To determine which subset of $\mathbb{R}$ has a non-empty interior, we need to identify the set that contains an open interval, meaning there are points around each element in the set that are also part of the set.
Let's examine each subset:
(A) The set of all irrational numbers in $\mathbb{R}$:
This set does not have a non-empty interior because between any two irrational numbers, there are infinitely many irrational numbers, but there are also infinitely many rational numbers. So, there are no open intervals within this set.
(B) The set ${a \in \mathbb{R} : \sin(a) = 1}$:
The equation $\sin(a) = 1$ has solutions for $a = \frac{\pi}{2} + 2\pi k$, where $k$ is an integer. This set consists of all these solutions, and it forms an infinite set of isolated points. Since there are no open intervals around each point, the interior of this set is empty.

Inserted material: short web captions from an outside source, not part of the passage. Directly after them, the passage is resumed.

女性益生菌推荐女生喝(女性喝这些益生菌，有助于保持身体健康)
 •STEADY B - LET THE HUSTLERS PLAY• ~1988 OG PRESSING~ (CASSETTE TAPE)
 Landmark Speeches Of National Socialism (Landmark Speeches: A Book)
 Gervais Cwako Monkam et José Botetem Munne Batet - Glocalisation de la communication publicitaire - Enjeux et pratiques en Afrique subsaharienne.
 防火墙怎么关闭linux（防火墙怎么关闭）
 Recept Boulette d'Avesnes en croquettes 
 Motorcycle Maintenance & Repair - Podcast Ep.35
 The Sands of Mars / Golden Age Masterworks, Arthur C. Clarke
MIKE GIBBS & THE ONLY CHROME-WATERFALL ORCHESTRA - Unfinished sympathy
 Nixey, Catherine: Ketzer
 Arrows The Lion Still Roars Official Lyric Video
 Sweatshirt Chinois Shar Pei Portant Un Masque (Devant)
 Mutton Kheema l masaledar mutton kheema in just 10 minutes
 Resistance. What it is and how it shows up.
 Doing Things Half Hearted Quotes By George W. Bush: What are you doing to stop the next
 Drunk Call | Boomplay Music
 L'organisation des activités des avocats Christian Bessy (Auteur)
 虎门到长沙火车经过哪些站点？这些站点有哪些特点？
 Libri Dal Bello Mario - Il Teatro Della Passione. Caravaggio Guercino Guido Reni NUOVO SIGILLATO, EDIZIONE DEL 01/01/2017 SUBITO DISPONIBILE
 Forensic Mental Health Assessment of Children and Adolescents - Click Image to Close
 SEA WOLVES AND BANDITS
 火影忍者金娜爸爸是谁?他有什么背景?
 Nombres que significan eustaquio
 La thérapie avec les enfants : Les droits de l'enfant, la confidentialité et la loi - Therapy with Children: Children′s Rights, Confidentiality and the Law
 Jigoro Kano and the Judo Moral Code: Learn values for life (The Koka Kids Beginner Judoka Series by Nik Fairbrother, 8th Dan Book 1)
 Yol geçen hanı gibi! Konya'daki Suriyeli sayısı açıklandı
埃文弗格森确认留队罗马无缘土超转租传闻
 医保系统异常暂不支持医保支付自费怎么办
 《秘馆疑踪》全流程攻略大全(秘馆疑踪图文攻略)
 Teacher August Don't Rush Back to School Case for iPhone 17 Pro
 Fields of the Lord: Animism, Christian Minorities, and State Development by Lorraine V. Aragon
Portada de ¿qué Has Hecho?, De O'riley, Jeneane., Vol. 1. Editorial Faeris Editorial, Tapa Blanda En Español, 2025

(C) The set $\{b \in \mathbb{R} : x^2 + bx + 1 = 0$ has distinct roots$\}$:
For the quadratic equation $x^2 + bx + 1 = 0$ to have distinct roots, its discriminant $(b^2 - 4ac)$ must be greater than zero. Here, $a=1$, $b$, and $c=1$. So the discriminant is $b^2 - 4(1)(1) = b^2 - 4$.
To have distinct roots:
$b^2 - 4 > 0$
$b^2 > 4$
$|b| > 2$ or $b < -2$ or $b > 2$
The set $\{b \in \mathbb{R} : x^2 + bx + 1 = 0$ has distinct roots$\}$ includes all real numbers such that $b < -2$ or $b > 2$. This set forms an open interval between $-\infty$ and $-2$ and another open interval between $2$ and $+\infty$. Therefore, this set has a non-empty interior.
(D) The set of all rational numbers in $\mathbb{R}$:
This set does not have a non-empty interior because between any two rational numbers, there are infinitely many rational numbers, but there are also infinitely many irrational numbers. So, there are no open intervals within this set.
In conclusion, the subset (C) $\{b \in \mathbb{R} : x^2 + bx + 1 = 0$ has distinct roots$\}$ has a non-empty interior.
This answer is AI-generated and verified by expert.